Is it really twenty years since Marc-André Hamelin set down these famous
recordings for Hyperion in a London church? The record company’s website
lists some of the recommendations and awards it soon acquired, and some of
the overwhelmingly favourable reviews it attracted. The centenary of the
composer’s death might be a good moment to look back at this achievement and
assess its current standing.
The first sonatas, numbers One to Four, as well as the Fantaisie Op. 28,
occupy the first disc. These first four sonatas are all multi-movement ones,
whereas their six successors are all highly concentrated single movement
works. Hamelin resists any notion that these earlier works are in any sense
less important, and they are treated to the same preparation and high
commitment as their successors. Certainly he must have come to the recording
sessions with the notes of all twelve works in his mind and fingers, since
they exhibit formidable accuracy, often at daring tempi. It might seem
paradoxical, but exhaustive preparation must have been needed to produce
such spontaneous-sounding versions as these.
That preparation might well have included a sympathetic reading of the
composer’s many statements of his mystical aims and philosophical interests
in relation to his music. These statements are often dismissed as so much
hot air, but they meant something to Scriabin, and his music would surely
not be the same without the extra-musical ideas that inform it. Certainly
the words used of the Third Sonata, where “the free untamed soul
passionately throws itself into pain and struggle …” seem to describe very
well the unfettered abandon Hamelin brings to this difficult music.
Similarly, the Fourth Sonata’s programme is found in a poem by the
composer concerning flight to some distant star, and certainly in the second
of its two movements, marked
Prestissimo volando, the sheer
velocity of Hamelin’s playing achieves lift-off, as he seems to escape the
gravitational pull and earthly bliss of the
andante first movement.
It is a wonder that such élan, which we associate with a live performance
before an enraptured audience, can be achieved in a draughty church with
just a couple of engineers for company ... or so one assumes.
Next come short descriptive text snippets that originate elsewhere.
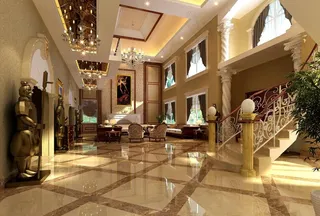 欧式客厅效果图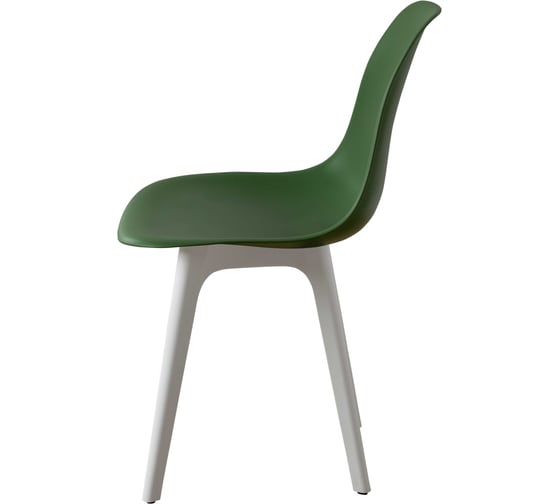 Комплект стульев пластиковых DERSTUHL 2 шт Plast White Eames, темно-зеленый, DSL044.116.2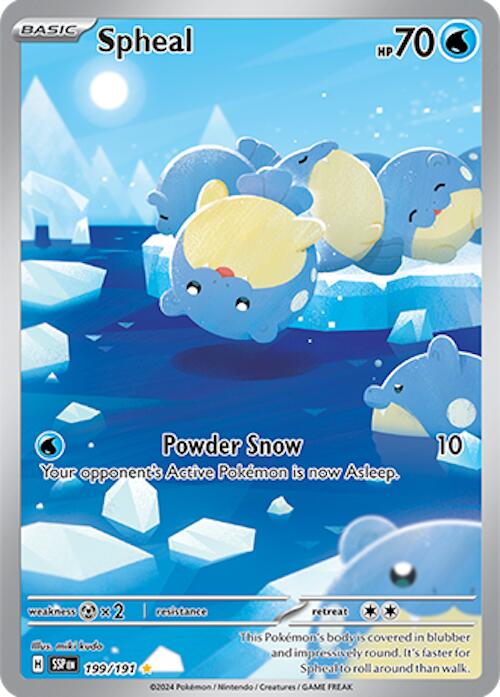 Spheal (199/191) [Scarlet &amp; Violet: Surging Sparks] 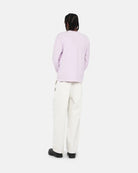 Stussy Lazy Long Sleeved Tee, lilac — available at Norwood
We expect a
huge cheer at the end — which is not there — but you might find yourself
supplying it in the privacy of your own home when confronted with playing
like this.
The second disc has one-movement sonatas Five to Ten plus the early
unpublished
Sonate-Fantaisie in G sharp minor of 1886. The Fifth
sonata opens ferociously with loud thunder in the bass, instantly yielding
to slow soft musings – Hamelin revels in these great and sudden contrasts,
pointing them up quite unapologetically. Yet still the piece is held
together, in part by a sense of intense concentration. If, as here, the
composer writes
Impetuoso. Con Stravaganza – Languido then that is
what we are given. Technical innovations abound in these performances of the
later sonatas, where for instance the innocent trill, once a mere melodic
ornament in music, has become a symbol of the soaring ambition of Scriabin’s
art. Yet such trills — influenced perhaps by their use in the late Beethoven
sonatas — can range from angelic flutterings to volcanic thunder, and
Hamelin does justice to each type. Above all there is the sheer ecstatic
propulsion of the swifter passages, where what Scriabin called ‘the uproar
of the elements’ is made audible. Scriabin had his demonic side, and was
fond of the tritone or
diabolus in musica. Here one has to wonder
at times if the pianist himself once made some infernal pact in return for
such gifts.
In key solo piano repertoire no-one has the field to themselves. I have
sampled several alternative versions, from Roberto Szidon and Vladimir
Ashkenazy (the 1970s and 1980s benchmarks) through to Hĺkon Austbo and
Robert Taub in the 1990s and on to Maria Lettberg, Vladimir Stoupel and
Dmitri Alexeev since 2000. These are all very good indeed, though Lettberg’s
is different, being an invaluable eight disc collection of all the published
piano music of Scriabin. Some of the individual sonata performances in those
sets, especially by Szidon and Ashkenazy, come close to matching Hamelin.
However as a set of all ten Scriabin sonatas this version remains
unrivalled. In particular the sense of placing a truly sympathetic
understanding - and such a transcendental technique - totally at the service
of the music is hard to beat. Add to that a still very agreeable recorded
sound, and the outstanding and comprehensive 15-page booklet by Simon
Nicholls, and you have one of the great piano recordings. I doubt the
Scriabin centenary will bring a better one.